Suggested Palette (sPLT)
- Status: PNG Specification
- Location: before first IDAT
- Multiple: yes
The suggested-palette chunk, sPLT, grew out of an acknowledgment of
some limitations in PNG's PLTE, tRNS, and hIST chunks. I have already
noted that PLTE is allowed only in palette, RGB, and RGBA images and
that hIST is allowed only in images with PLTE; I also noted that tRNS
is disallowed in images with alpha channels, which rules out the use
of PLTE plus tRNS as a suggested gray/alpha or RGBA palette. sPLT
eliminates these restrictions by merging all three of the older chunks
into a general-purpose, suggested-RGBA-palette-plus-histogram
chunk. In addition, sPLT may contain any number of entries (as long as
it doesn't exceed the maximum chunk-size limit of two gigabytes); its
entries may have either 8-bit or 16-bit sample depths; and multiple
sPLT chunks encoding different suggested quantizations are allowed. A
palette-based image may even have an sPLT chunk, perhaps representing
a reduced palette for a particular web browser. The format of sPLT, given in
Table 11-3, is straightforward.
Field |
Length and Valid Range |
Palette name |
1-79 bytes (Latin-1 text) |
Null separator |
1 byte |
Sample depth |
1 byte (8 or 16) |
Red value #1 |
1 byte (0-255) or 2 bytes (0-65,535) |
Green value #1 |
1 byte (0-255) or 2 bytes (0-65,535) |
Blue value #1 |
1 byte (0-255) or 2 bytes (0-65,535) |
Alpha value #1 |
1 byte (0-255) or 2 bytes (0-65,535) |
Relative frequency #1 |
2 bytes (0-65,535) |
... |
... |
The number of sPLT entries is implicitly given by the size of the chunk and
the sample depth; in the more common case of 8-bit samples, it is obtained
by dividing the chunk size, less the length of the palette name and the two
subsequent bytes, by six. Entries are required to appear in decreasing
order of frequency, but there is no requirement that all of them be different
nor that all of them be used by the image. Furthermore, opaque images may
include nonopaque sPLT entries, grayscale images may include colored
entries, and the sample depth of sPLT is independent of that of the image.

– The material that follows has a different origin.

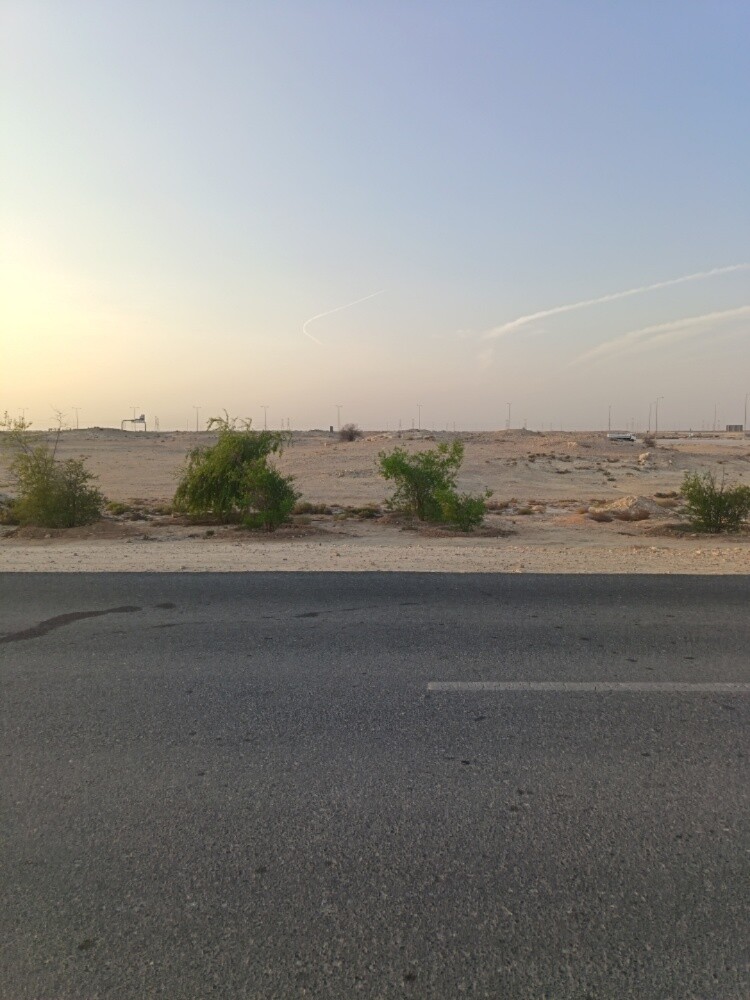 for sale - 2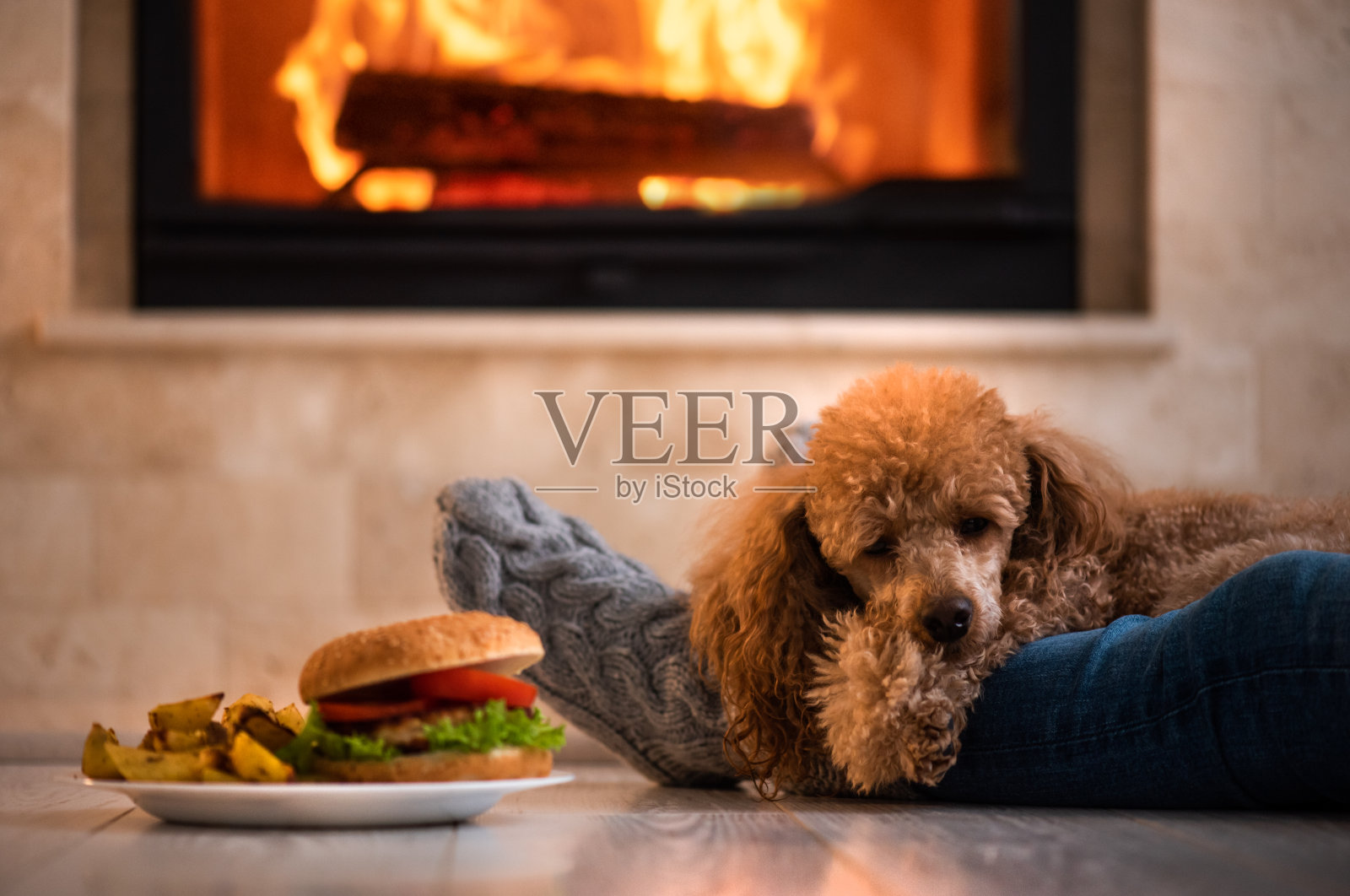 一个女人和她的狗坐在地板上，在壁炉的背景上吃汉堡包。照片摄影图片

Unlike the suggested practice for PLTE in RGBA images, the red, green, and
blue values in sPLT are neither premultiplied by the alpha values nor
precomposited against a background color. An encoder would still have to
inspect every pixel if it wanted to compute an optimal palette for display
of an RGBA image against a patterned background, but sPLT would enable a
statistical approach based on the background image's own histogram in
that case. And for solid backgrounds, sPLT provides the means to build
an optimal palette regardless of the choice of background color.
As with the hIST chunk, frequency values are scaled to the range 0-65,535
and therefore are likely to be approximate. Inflating ``important'' colors
based on the image's subject matter is allowed in sPLT, too. But whereas hIST
requires a 0 frequency to correspond exactly to 0 pixels, sPLT allows
the 0 value to represent infrequently used or unimportant colors. If all
of the frequency values are 0, however, the histogram is undefined.
Note that multiple sPLT chunks are required to have different palette names.